Posted June 4, 200717 yr I was having trouble with my computer. So I called Harold, the computer guy, to come over. Harold clicked a couple of buttons and solved the problem. He gave me a bill for a minimum service call. As he was walking away, I called after him, "So, what was wrong?" He replied, "It was an 'ID ten T' error." I didn't want to appear stupid, but I nonetheless inquired, "An ID ten T Error? What's that, in case I need to fix it again?" Harold grinned. "Haven't you ever heard of an ID ten T error before?" "No," I replied. "Write it down," he said, "and I think you'll figure it out." So I wrote it down. I D 1 0 T I used to like Harold...
June 4, 200717 yr do us a favor http://img341.imageshack.us/img341/2592/pic43850qx5px7.jpg Yeah totally... you must have posted it because you think it's REALLY funny...but it's fucking stupid :/ I agree with Brett..
June 4, 200717 yr as always another great tale told by the master story teller, george orwell.
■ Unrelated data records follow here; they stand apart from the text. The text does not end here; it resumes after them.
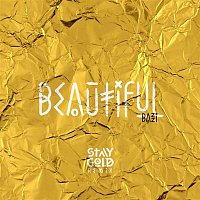 Bazzi vs. – Beautiful (Bazzi vs. Staygold Remix)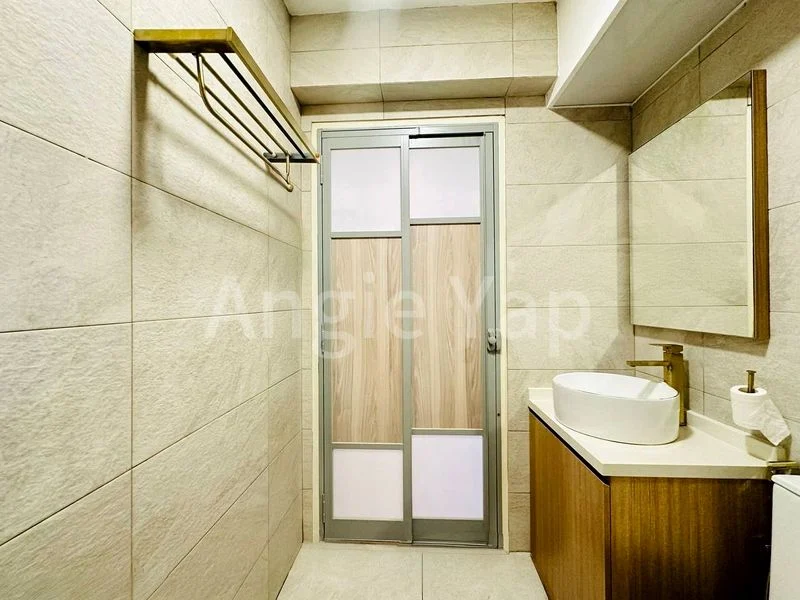 Premium HDB for Sale in  279A Sengkang East Avenue - Image 8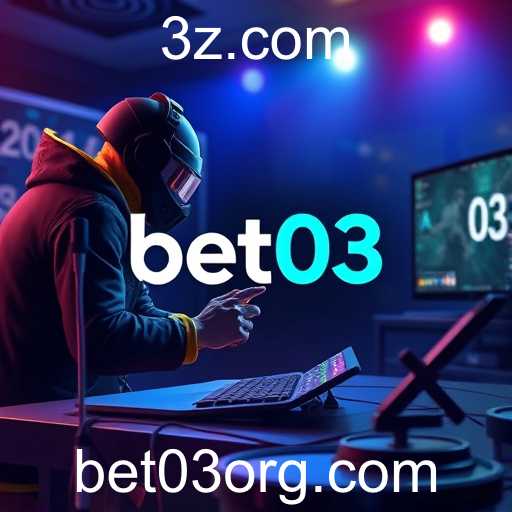 O Crescimento do Mercado de Jogos em 2025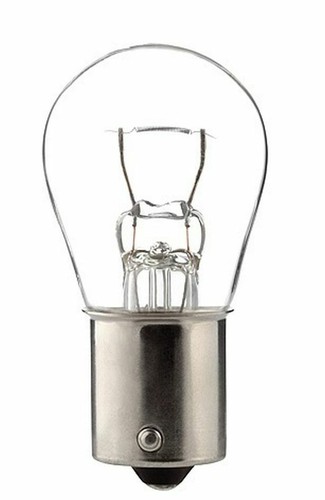 12v 21w rücklicht bremslicht - 12v,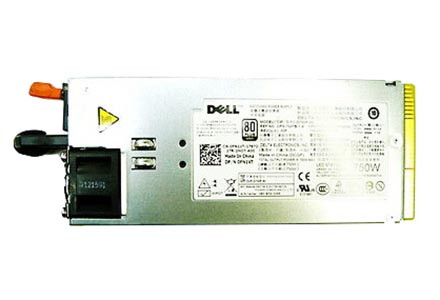 Delta - DPS-750TB-1 A - Power Supply 750W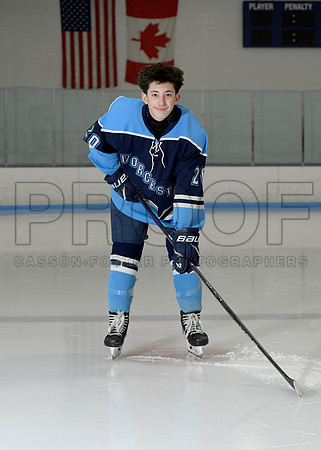 WorcWildcats26 Varsity Hockey Valdivieso Anthony_ Team DIGITAL(1)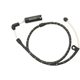 Purchase Top-Quality Front Disc Pad Sensor Wire by URO - 34353411756 pa2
Congratulations.
June 5, 200717 yr Author Amazingly Simple Home Remedies 1. If you are choking on an ice cube, simply pour a cup of boiling water down your throat. Presto! The blockage will instantly remove itself. 2. Avoid cutting yourself slicing vegetables by getting someone else to hold while you chop. 3. Avoid arguments with the Mrs. about lifting the toilet seat by using the sink. 4. For high blood pressure sufferers: simply cut yourself and bleed for a few minutes, thus reducing the pressure in your veins. Remember to use a timer. 5. A mouse trap, placed on top of your alarm clock, will prevent you from rolling over and going back to sleep after you hit the snooze button. 6. If you have a bad cough, take a large dose of laxatives -- then you will be afraid to cough. 7. You only need two tools in life: WD-40 and duct tape. If it doesn't move and should, use the WD-40. If it shouldn't move and does, use the duct tape. 8. Remember: Everyone seems normal until you get to know them.